What needs to be done =
Leave out the pictures, then return the records word for word.

The input =
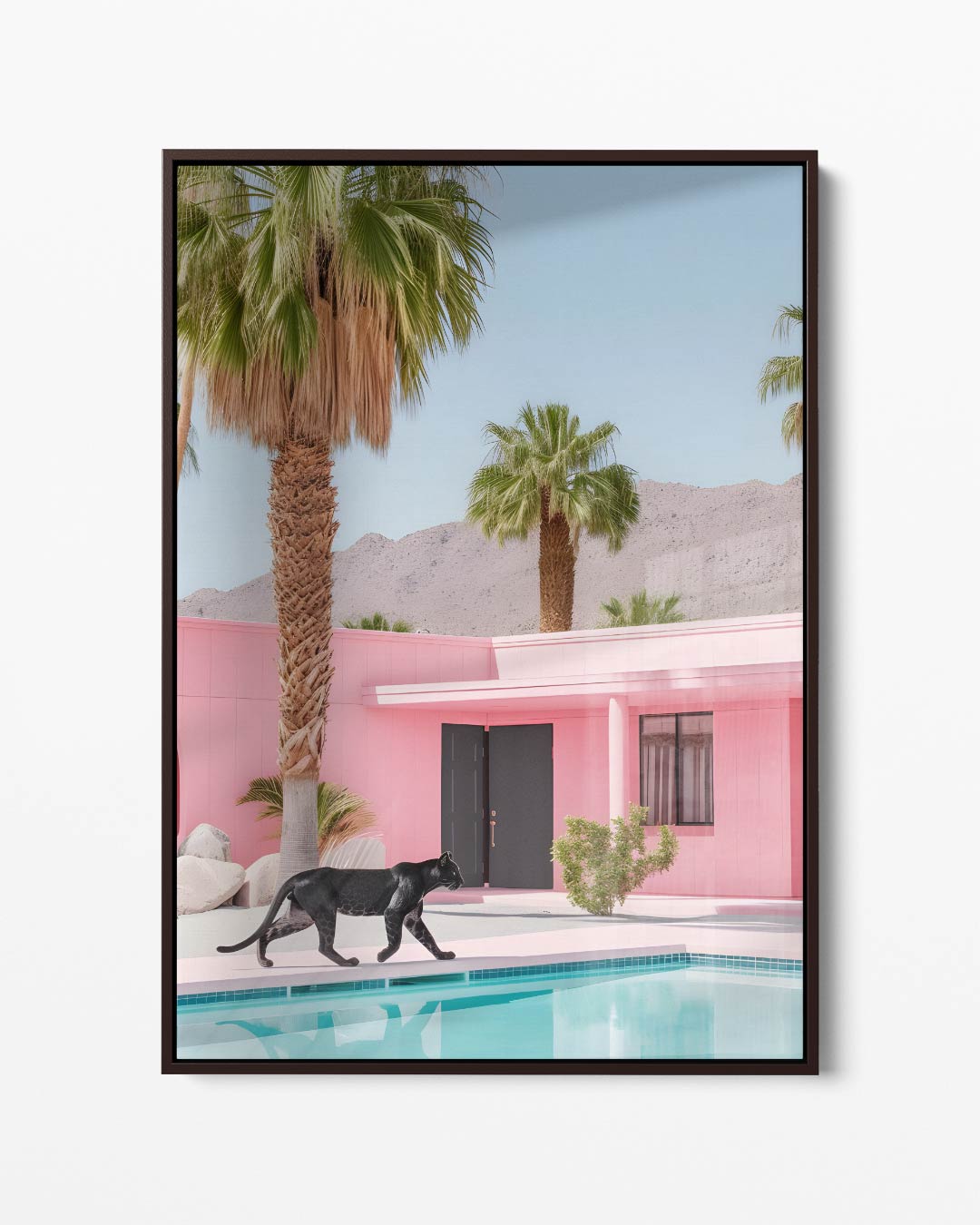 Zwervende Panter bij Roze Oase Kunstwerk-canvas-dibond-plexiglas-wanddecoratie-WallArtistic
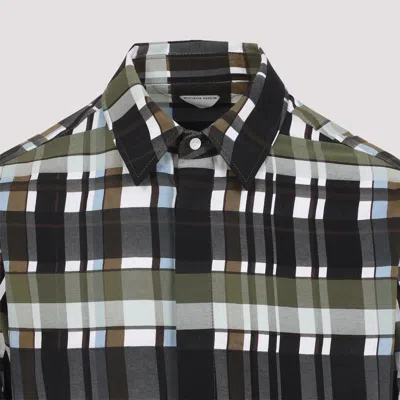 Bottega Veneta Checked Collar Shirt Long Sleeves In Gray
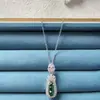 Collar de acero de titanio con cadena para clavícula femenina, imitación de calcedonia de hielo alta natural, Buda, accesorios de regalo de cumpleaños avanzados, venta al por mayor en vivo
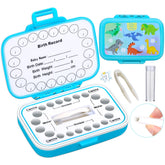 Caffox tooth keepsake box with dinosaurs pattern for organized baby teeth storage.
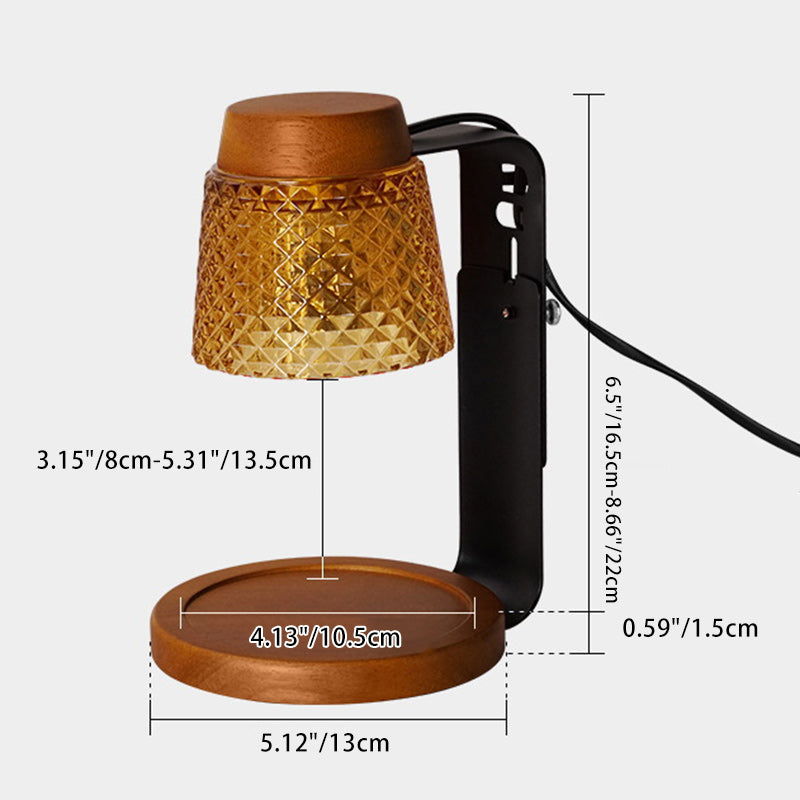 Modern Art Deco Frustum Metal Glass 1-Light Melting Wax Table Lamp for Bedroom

Task output =
 Zwervende Panter bij Roze Oase Kunstwerk-canvas-dibond-plexiglas-wanddecoratie-WallArtistic
 Bottega Veneta Checked Collar Shirt Long Sleeves In Gray
 Collar de acero de titanio con cadena para clavícula femenina, imitación de calcedonia de hielo alta natural, Buda, accesorios de regalo de cumpleaños avanzados, venta al por mayor en vivo
 Caffox tooth keepsake box with dinosaurs pattern for organized baby teeth storage.
 Modern Art Deco Frustum Metal Glass 1-Light Melting Wax Table Lamp for Bedroom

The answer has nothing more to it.